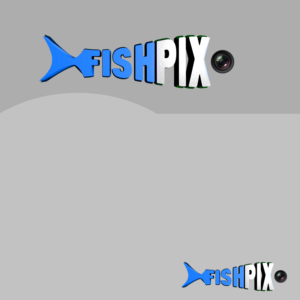 Diseño de Logo por duglas para Airfirshy | Diseño: #15343543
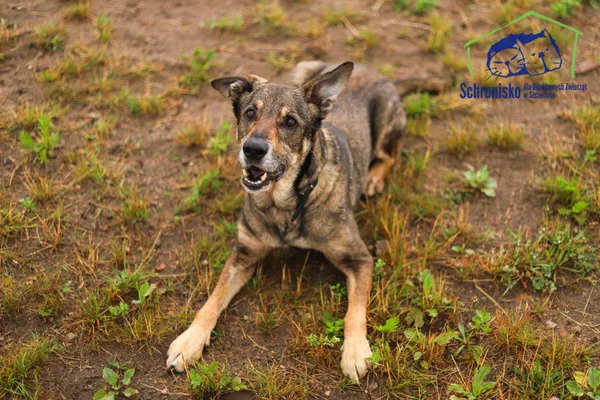 Pies do adopcji, Szczecin, 5 maja 2025 (1/5)
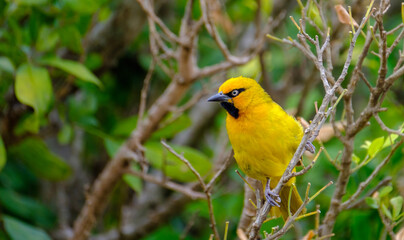 Speke's Weaver in Masai Mara, Kenya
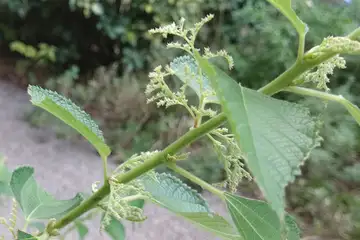 アオカラムシ・阿久和川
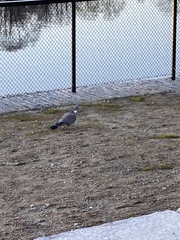 Columba palumbus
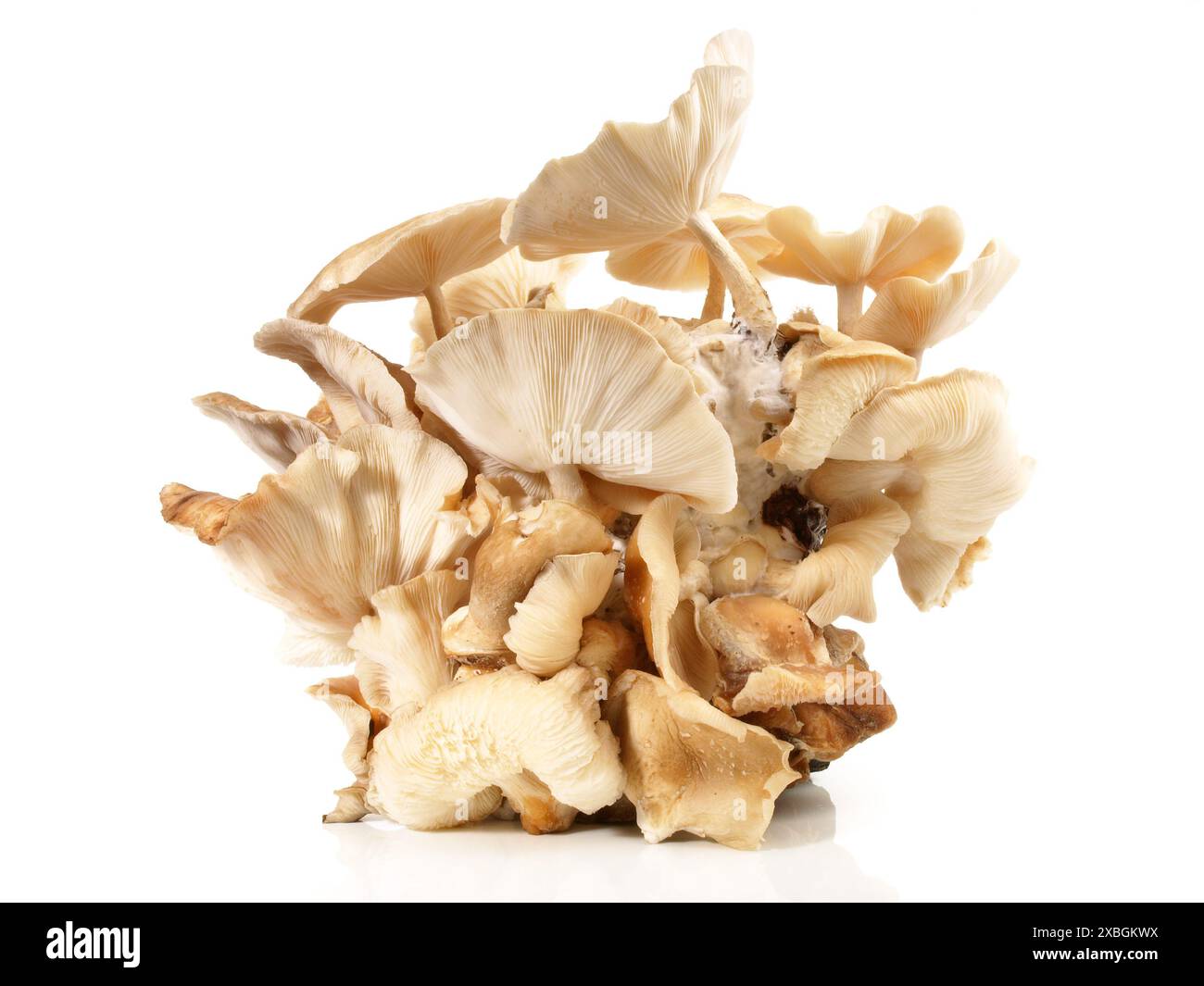 Shiitake Pilze auf weißem Hintergrund Stockfoto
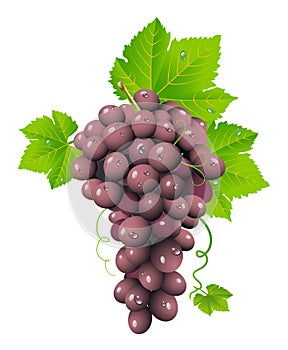 Grape cluster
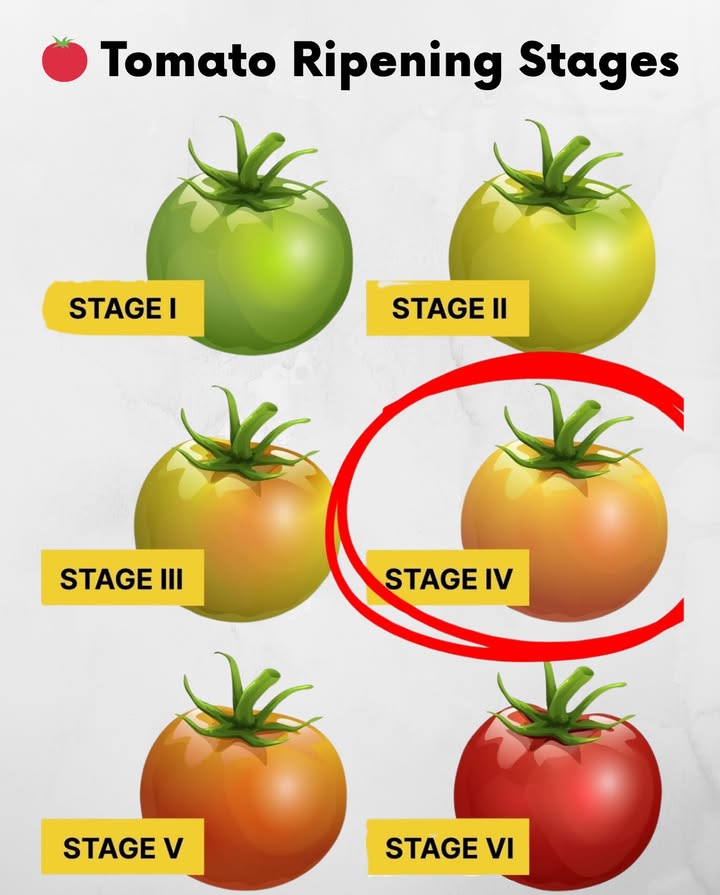 Tomato Tip: Pick at the Breaker Stage
Forget waiting for full ripenessStage IV is where the magic happens!
 At 50% color pinkish hue, tomatoes begin ripening from the inside out
 This stage means the fruit has absorbed all it needs from the plant
 It naturally seals off from the vine and keeps ripening off-plant

 Bonus: Picking early helps prevent cracking, pests, and sun damage!

 Stage IIII: Firm and green with no or slight color shift
 Stage IV Breaker Stage: Perfect time to harvest for storage or transport
 Stage VVI: Fully ripened with rich flavor and soft texture
 Early harvest helps reduce pest damage and splitting
 Tomatoes continue ripening off the vine at room temp

 Pick smart, ripen rightflavor starts at the perfect stage

#TomatoTips  #HarvestTiming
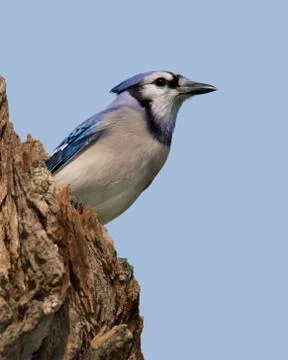 Blue Jay Stock Photos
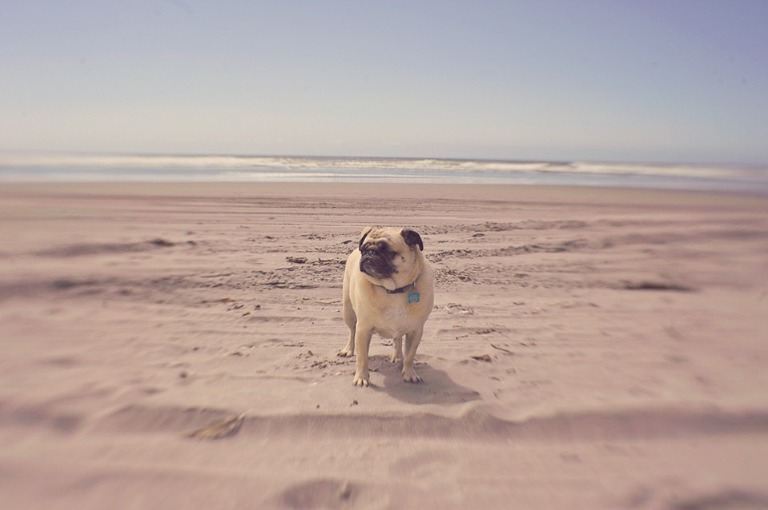 005 700_2967-Edit WEB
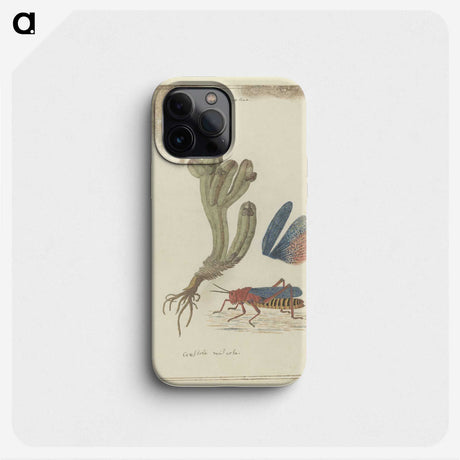 2-15_Robert-Jacob-Gordon_phone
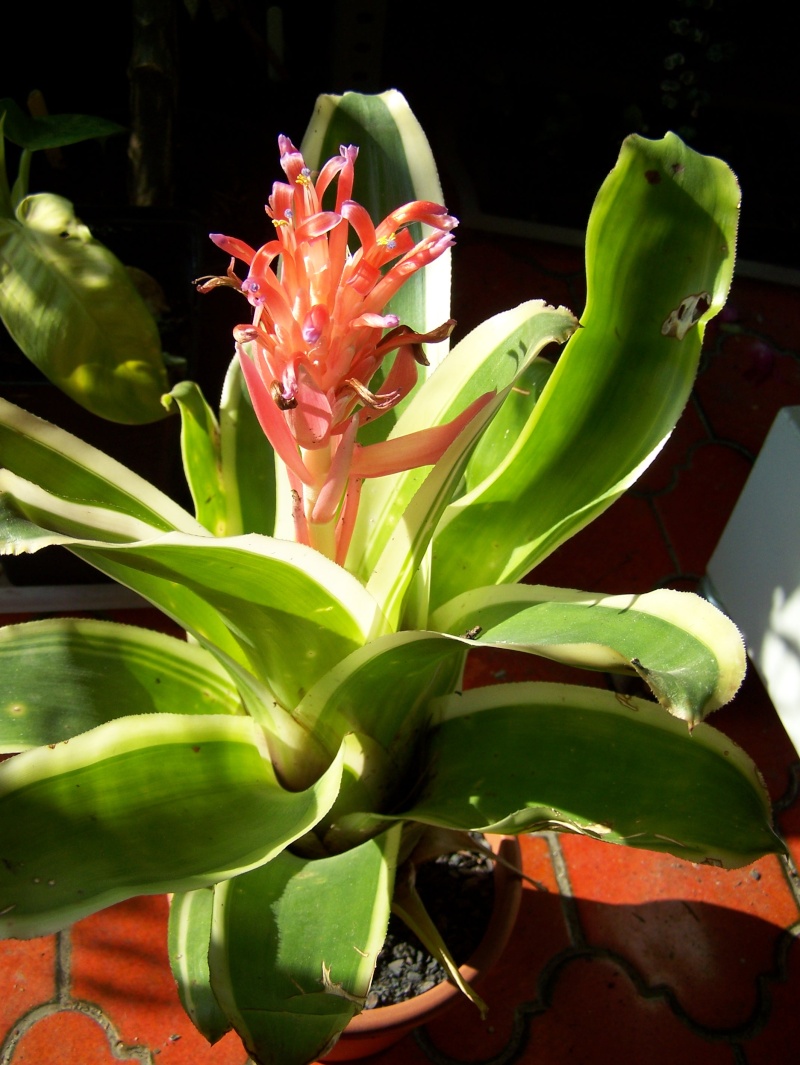 Billbergia  Pyramidalis "Kyoto" Bill_k10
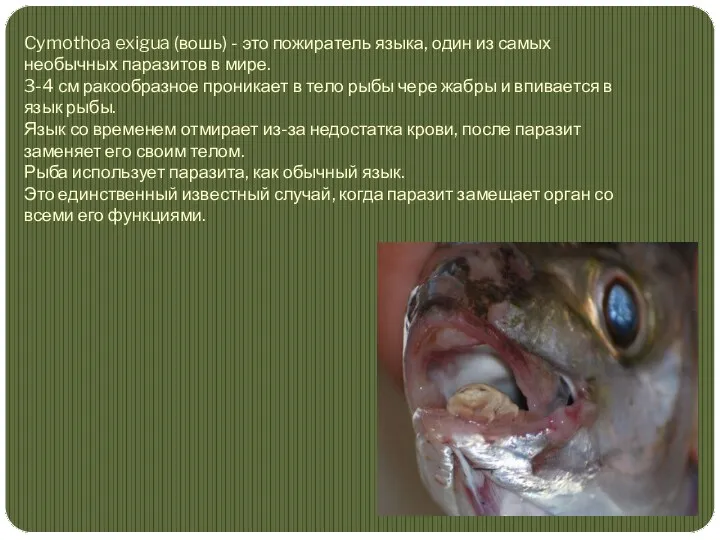 Cymothoa exigua (вошь) - это пожиратель языка, один из самых необычных паразитов в
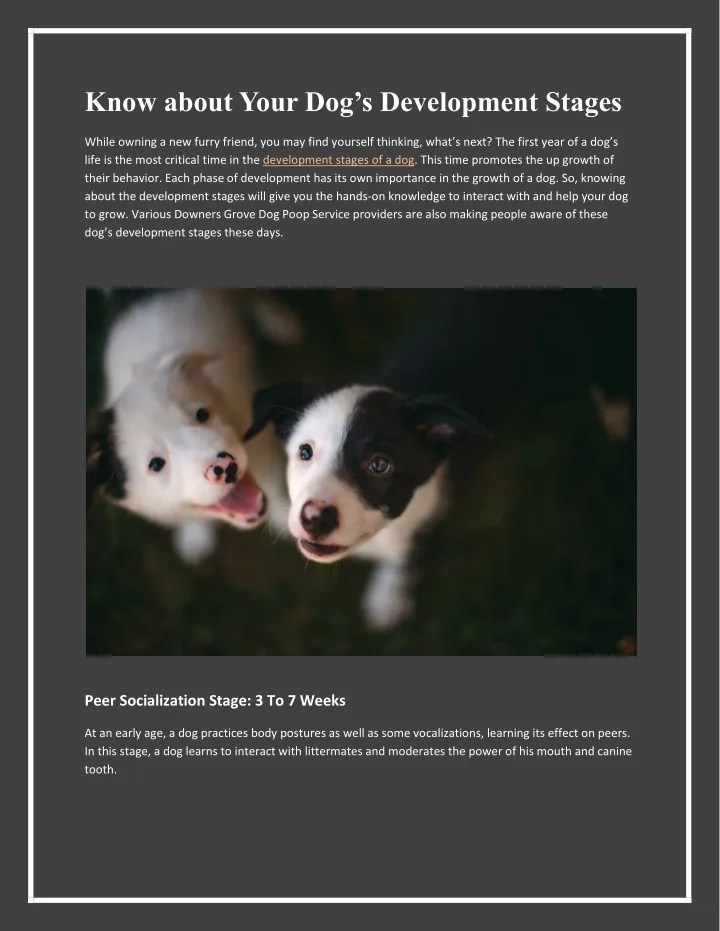 know about your dog s development stages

+++++

--- Task brief ---
Please return only the lines from the top of the data through the line with "Grape cluster", exactly as written, and drop every picture.

--- Exercise answer ---
 Diseño de Logo por duglas para Airfirshy | Diseño: #15343543
 Pies do adopcji, Szczecin, 5 maja 2025 (1/5)
 Speke's Weaver in Masai Mara, Kenya
 アオカラムシ・阿久和川
 Columba palumbus
 Shiitake Pilze auf weißem Hintergrund Stockfoto
 Grape cluster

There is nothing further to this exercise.